Data shown:
________________
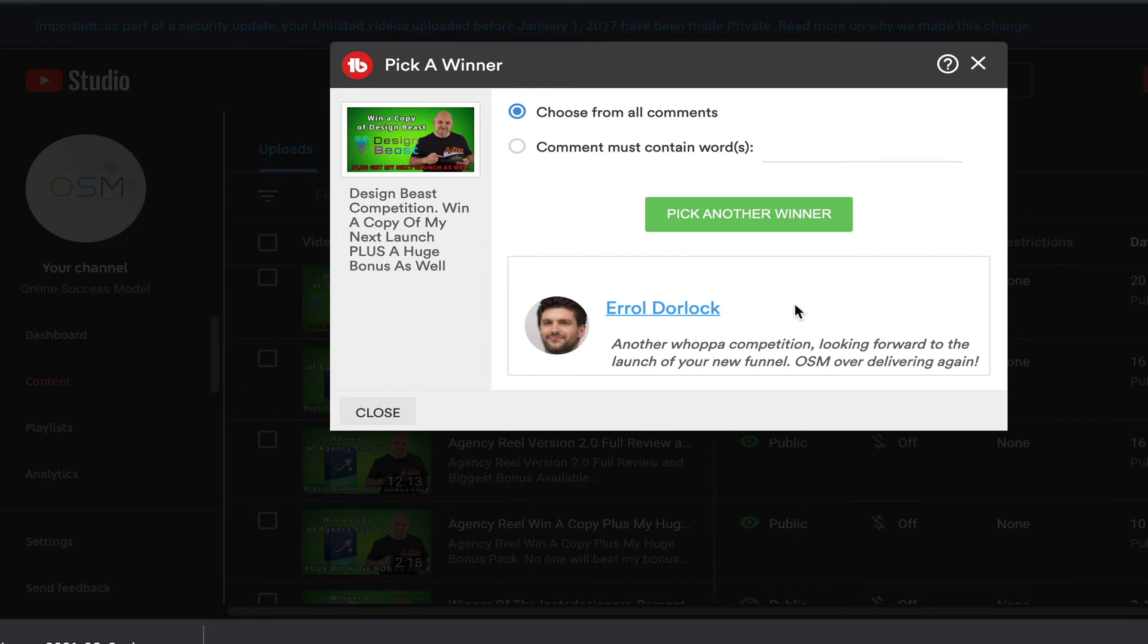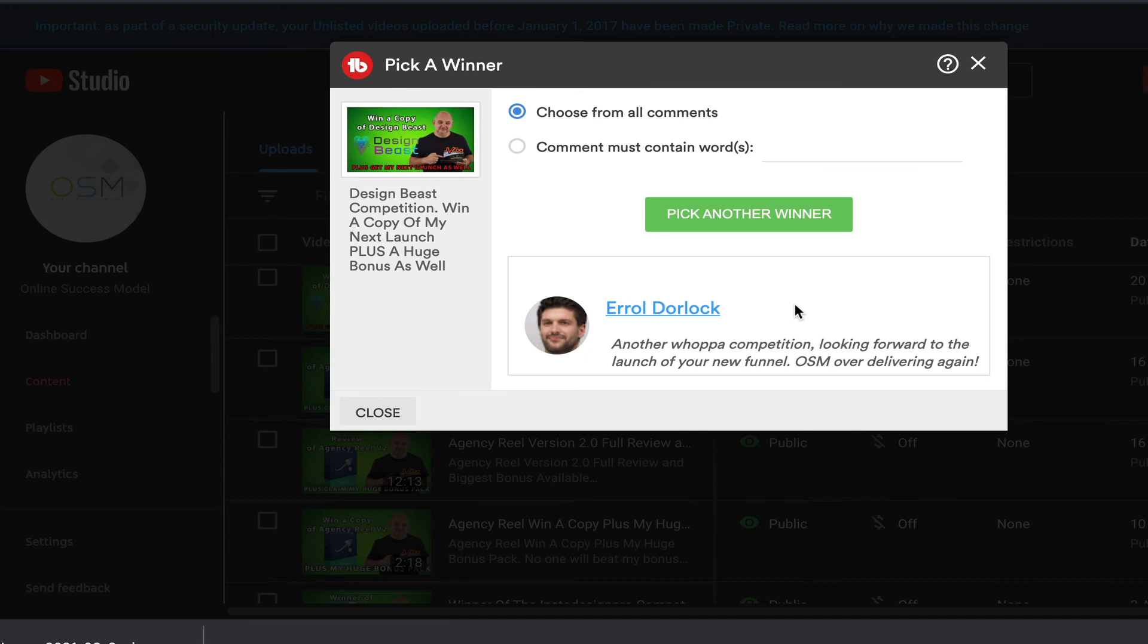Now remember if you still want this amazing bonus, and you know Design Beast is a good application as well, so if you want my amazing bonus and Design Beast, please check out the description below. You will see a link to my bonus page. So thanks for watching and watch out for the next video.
________________
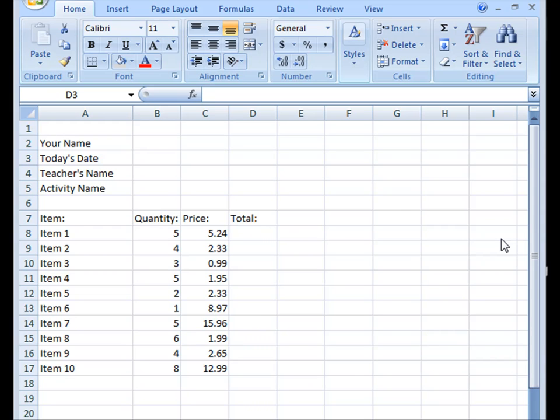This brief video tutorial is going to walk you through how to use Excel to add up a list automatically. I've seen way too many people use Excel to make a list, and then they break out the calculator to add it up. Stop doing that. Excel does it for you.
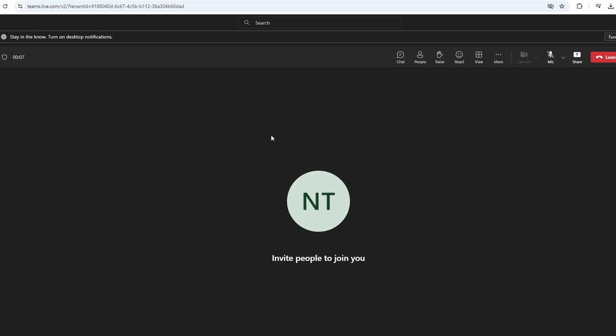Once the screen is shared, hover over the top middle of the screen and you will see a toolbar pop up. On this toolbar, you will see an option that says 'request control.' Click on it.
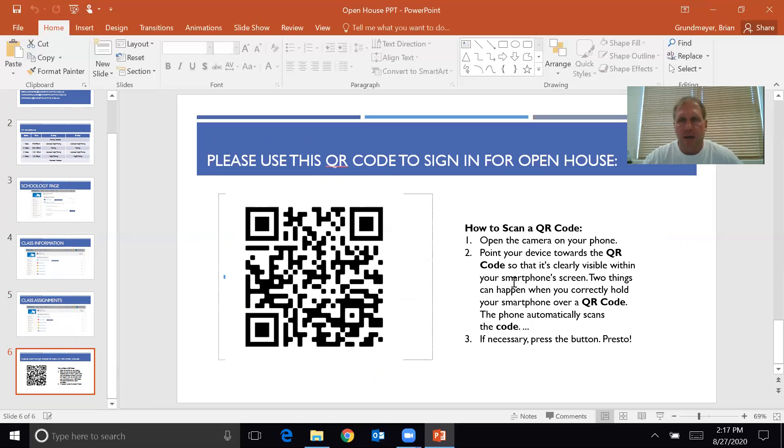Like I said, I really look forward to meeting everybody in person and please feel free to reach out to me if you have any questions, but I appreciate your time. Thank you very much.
________________
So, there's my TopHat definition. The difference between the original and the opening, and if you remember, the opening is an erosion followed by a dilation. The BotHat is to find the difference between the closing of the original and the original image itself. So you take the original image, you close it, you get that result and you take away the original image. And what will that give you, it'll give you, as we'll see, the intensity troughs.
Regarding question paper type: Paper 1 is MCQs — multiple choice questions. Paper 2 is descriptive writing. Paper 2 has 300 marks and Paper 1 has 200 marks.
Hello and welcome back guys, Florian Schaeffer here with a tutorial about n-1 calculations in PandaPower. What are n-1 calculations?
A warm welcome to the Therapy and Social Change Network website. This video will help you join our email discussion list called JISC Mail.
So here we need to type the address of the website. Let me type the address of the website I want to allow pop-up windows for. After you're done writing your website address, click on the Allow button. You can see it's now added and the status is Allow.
________________
Work instruction:
From the material above, set down exactly the lines starting at the one with "Hello and welcome" and ending at the one with "So here we need", end lines included.

Answer space:
Hello and welcome back guys, Florian Schaeffer here with a tutorial about n-1 calculations in PandaPower. What are n-1 calculations?
A warm welcome to the Therapy and Social Change Network website. This video will help you join our email discussion list called JISC Mail.
So here we need to type the address of the website. Let me type the address of the website I want to allow pop-up windows for. After you're done writing your website address, click on the Allow button. You can see it's now added and the status is Allow.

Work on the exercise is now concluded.